Home : Perl : Regular expressions
$var =~ /regexp/options $var =~ m/regexp/options |
returns "true" if regexp found; options can be:
i = ignore letter case. o = only expand scalar variables within regexp once, the first time it is executed. |
$var =~ s/regexp/text/options | replace the first occurrence of regexp by text;
options can be any of the above, plus:
e = interpret text as an
expression. g = replace every occurrence. |
If the "$var =~" portion is omitted, the operator works on the default $_ variable.
Single characters | ||
x | matches the single character 'x' | |
[xyz] | matches the single character 'x' or 'y' or 'z' | |
[^xyz] | matches any single character except 'x' or 'y' or 'z' | |
[a-z] | matches any single character that is in the range 'a' to 'z' inclusive | |
. | matches any single character (except '\n') | |
\d | matches any single digit | equivalent to [0-9] |
\w | matches any single alphanumeric character | equivalent to [a-zA-Z0-9_] |
\s | matches any single whitespace character | equivalent to [ \r\t\n\f] |
\D | matches any single non-digit | equivalent to [^0-9] |
\W | matches any single non-alphanumeric character | equivalent to [^a-zA-Z0-9_] |
\S | matches any single non-whitespace character | equivalent to [^ \r\t\n\f] |
Multiple characters |
||
x? | matches zero or one 'x' characters | equivalent to x{0,1} |
x* | matches zero or more 'x' characters | equivalent to x{0,} |
x+ | matches one or more 'x' characters | equivalent to x{1,} |
x{n} | matches exactly n 'x' characters | |
x{n,} | matches n or more 'x' characters | |
x{n,m} | matches between n and m 'x' characters | |
By default, these patterns are "greedy" - they match as many characters as possible. Add a ? suffix (e.g. x*?) to make them "lazy" - match as few characters as possible. |
||
Anchors |
||
^xxx | "xxx" must be at the beginning of the string | |
xxx$ | "xxx" must be at the end of the string | |
\bxxx | "xxx" must be at the beginning of a word (boundary between /w and /W) | |
xxx\b | "xxx" must be at the end of a word (boundary between /w and /W) | |
\Bxxx | "xxx" must not be at the beginning of a word | |
xxx\B | "xxx" must not be at the end of a word |
Memory |
|
xxx(yyy)zzz | The portion of the regular expression matching yyy is "memorised". |
The first parenthesised ("memorised") portion can be "recalled" later in the regular expression using \1. A second parenthesised portion can be recalled using \2, and so on.

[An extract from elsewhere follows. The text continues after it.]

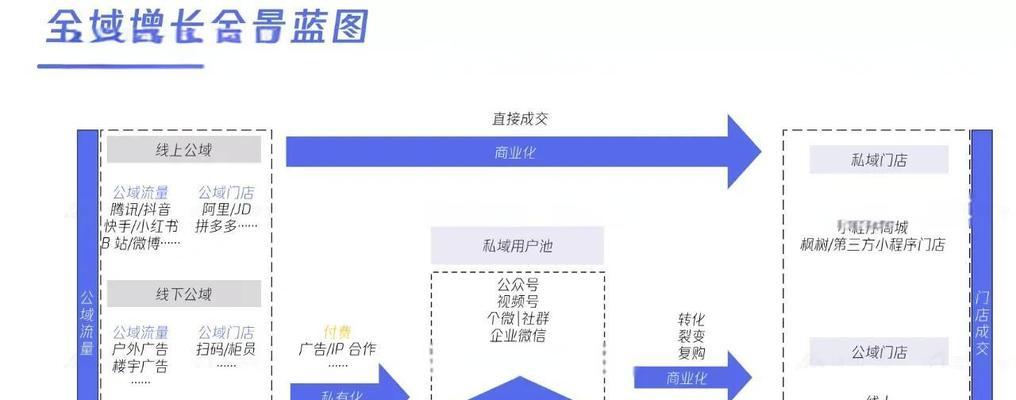 网站长期运营的秘诀是什么？有效运营的策略有哪些？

The first parenthesised portion is also stored in the scalar variable $1, for use by later statements. A second parenthesised portion is stored in $2, and so on.
Finally, all parenthesised portions are returned as a list by the
regular expression. For example:
($before, $after) = $var =~
/\s*(.*?)\s*=\s*(.*)
extracts the text (in $var) before and
after the first equals sign.